The Louisville Metro Department of Corrections in downtown Louisville, Ky. on April 1, 2020.
The Louisville Metro Department of Corrections in downtown Louisville, Ky. on April 1, 2020.

After the criminal case stalled, LMDC’s Professional Standards Unit, which investigates breaches of department policy, opened a probe into Leyva’s actions.

Interviewed by investigators, Leyva’s story changed, and he claimed he told responding LMPD officers from the start that he’d arrested the fixer in Indiana.

“I told them [LMPD] exactly what I just told you,” he said. “They said ‘good job, man. You caught your thief. You did some good work.’”

He also denied he told LMPD his girlfriend had dropped him off at the South End gas station or that he had met with the fixer to go on a test drive in Louisville.
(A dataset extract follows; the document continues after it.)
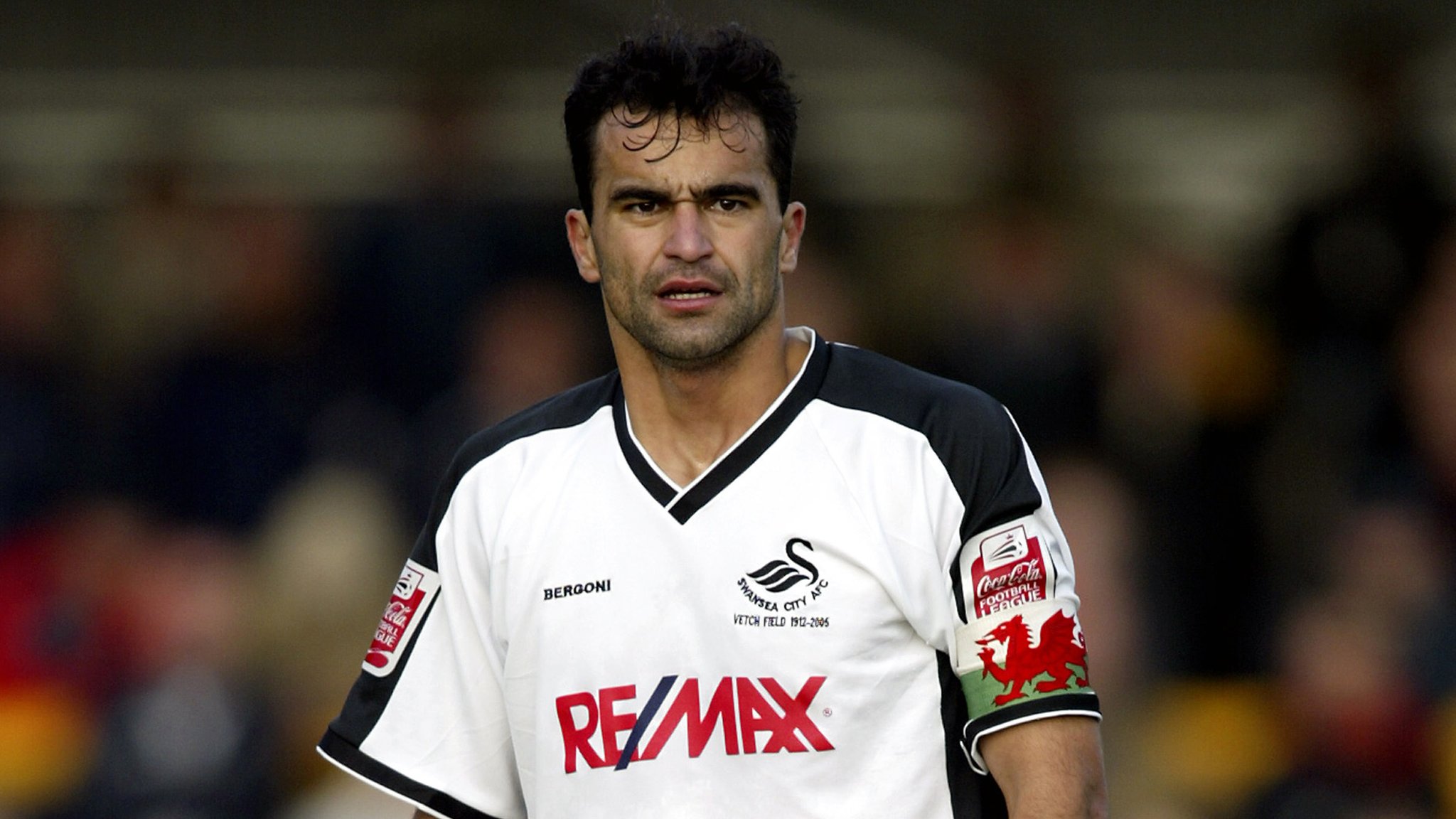  Happy Birthday to former player and manager, Roberto Martinez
Leyva had similarly told LMPD investigators in 2020 that he told officers on the scene he had picked up the fixer in Indiana — even when an investigator told him they had body camera footage to the contrary.

LMDC concluded Leyva willfully lied to police.

“Officer Leyva fabricated the story of how he intercepted [the man] in an attempt to mask the criminal act of abducting [him] in Indiana and bringing him back to Louisville, Kentucky before contacting police,” an LMDC investigator wrote. “Officer Leyva was aware he does not have arrest powers in Indiana. Officer Leyva attempted to use his sworn peace officer status in Kentucky to his advantage in hopes LMPD would believe his version of events, without question, over [the man].”

Leyva was found to have violated multiple LMDC policies in the incident. He was terminated in November 2022 after being employed by Metro Corrections for over seven years.

Speaking to investigators, Leyva said his mistake was not calling police from the casino.

“As soon as I put him in cuffs, I should have called Indiana PD right there, which I made a mistake,” he said.

A Facebook post and a tip

Last month, LMPD turned to Facebook to help find suspects they accused of stealing “hundreds if not thousands of dollars worth of” merchandise from Louisville area Lowe’s stores in recent months.

Police on Sept. 22 shared several photos of suspects, including one in a red T-shirt and another of a pickup truck with temporary plates.

“The guy in the red shirt is Yasmany Leyva,” commented one woman, who identified herself on social media as a Metro Corrections officer and former partner of Leyva’s, within hours of the post. “The Silverado belongs to him.”

Days later, LMPD posted an update to say Leyva had been identified as the result of tips. They added he had come into court with an attorney in response to outstanding warrants.

He is set to be arraigned on Oct. 25 across the street from Louisville’s jail.